Inflation is forecast to remain above the 6% level up to early next year, averaging 6,3% this year and 5,5% next year.
According to Jacques du Toit, Absa Home Loans, Interest rates have been hiked by a cumulative 75 basis points in the first quarter of 2016 and remained unchanged into the fourth quarter of the year. Despite inflation expected to breach the upper inflation target limit of 6% in coming months, domestic interest rates are forecast to remain unchanged in the rest of the year, with rate movements that will be dependent on trends in relevant economic and financial market data.
Continued consumer financial strain was evident up to the fourth quarter of 2016. Inflationary pressures persisted, interest rates have been rising since early 2014, while economic growth remained low and employment contracted up to mid-year. Consumers are to face further financial pressure over the short to medium term, which will impact credit risk profiles and confidence.
Price growth in respect of affordable housing (homes of 40 m² ─ 79 m² and priced up to R600 000 in 2016) slowed down further to a nominal 2,9% y/y in the third quarter of the year, from 3,9% y/y in the second quarter.

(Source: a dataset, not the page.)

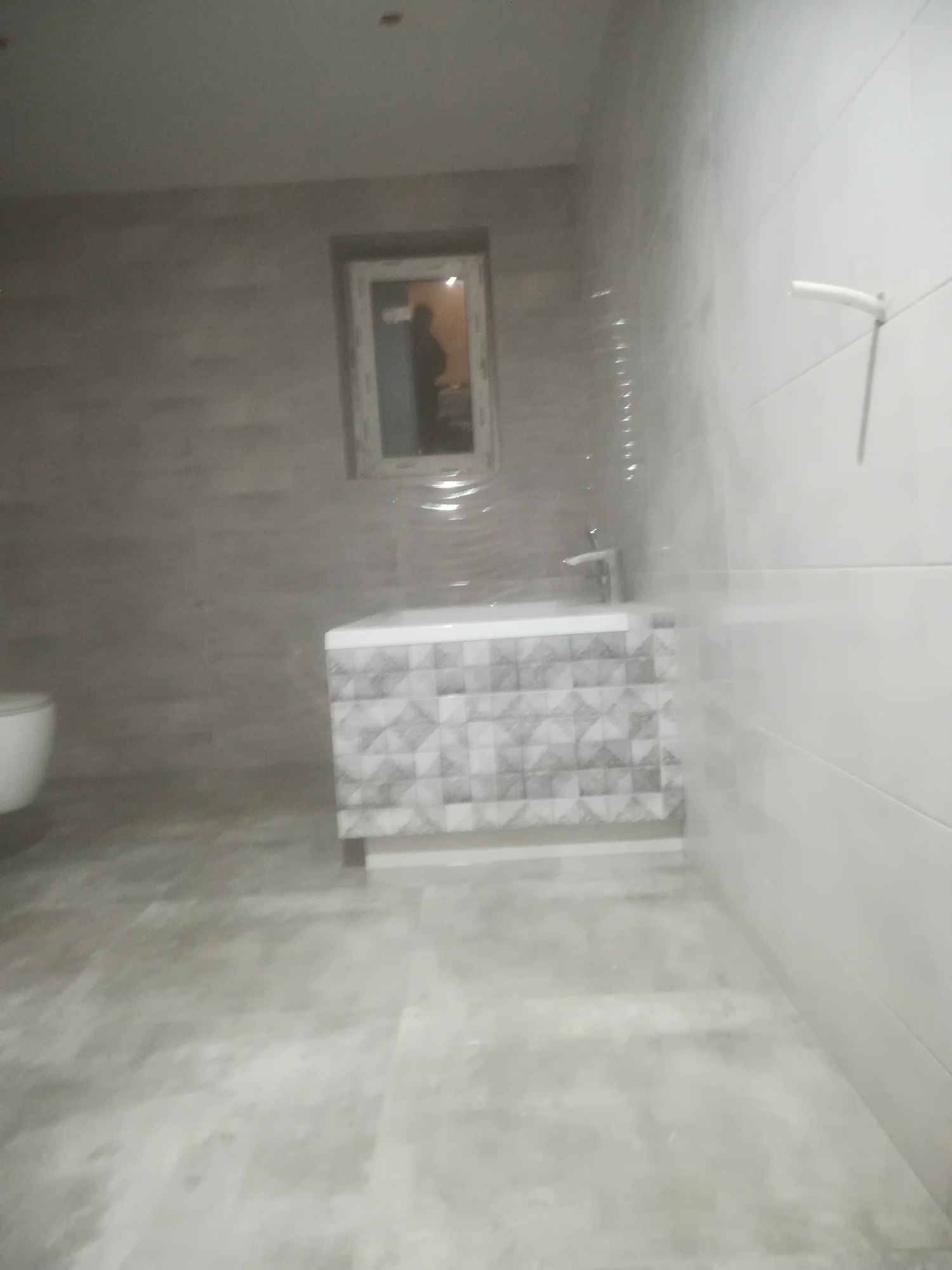 Wykończona łazienka z szarymi płytkami na podłodze i ścianach, umywalka z szafką w geometryczny wzór, widoczne okno z odbiciem sylwetki.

This brought the average price of a home in this segment of the market to around R425 000, with price growth on a downward trend since the fourth quarter of last year. In real terms, prices dropped by 2,9% y/y in the affordable segment in the third quarter.
The following price changes occurred in the three middle segment categories in the third quarter of 2016:
• Small houses (80 m² ─ 140 m²): 6,2% nominal and 0,2% real
• Medium-sized houses (141 m² ─ 220 m²): 5,1% nominal and -0,9% real
• Large houses (221 m² ─ 400 m²): 3% nominal and -2,8% y/y real
New and existing housing
In the third quarter of 2016 the average nominal price of a new house increased sharply by 16,1% y/y, after increasing by 9% y/y in the second quarter.
Accelerating building cost inflation and rising vacant land values in the second and third quarters of
the year may have contributed to the significantly higher price growth in new housing in these two quarters.
In real terms, price inflation of 9,5% y/y and 2,6% y/y was recorded with regard to new housing in the third and second quarters respectively.
The average price of an existing house increased by a nominal 3,5% y/y in the third quarter of the year, with some real price deflation of 2,4% y/y recorded. Nominal year-on-year growth in the average price of existing homes has been on a slowing trend since the fourth quarter of 2014.
The price trends in respect of new and existing housing imply that it was about R629 500 or 31,2% cheaper to have bought an existing house than to have had a new one built in the third quarter of 2016.
The cost of having a new house built showed a noticeable increase of 10,3% y/y in the third quarter of 2016, after rising by 8,3% y/y in the preceding quarter. Factors impacting building costs include building material costs, equipment costs, transport costs, labour costs, developer and contractor profit margins, and the cost of developing land for residential purposes. This also includes aspects such as finance costs, land values, the cost of rezoning, the cost of preparing land for construction, costs related to the installation and construction of physical infrastructure, and property holding costs in general.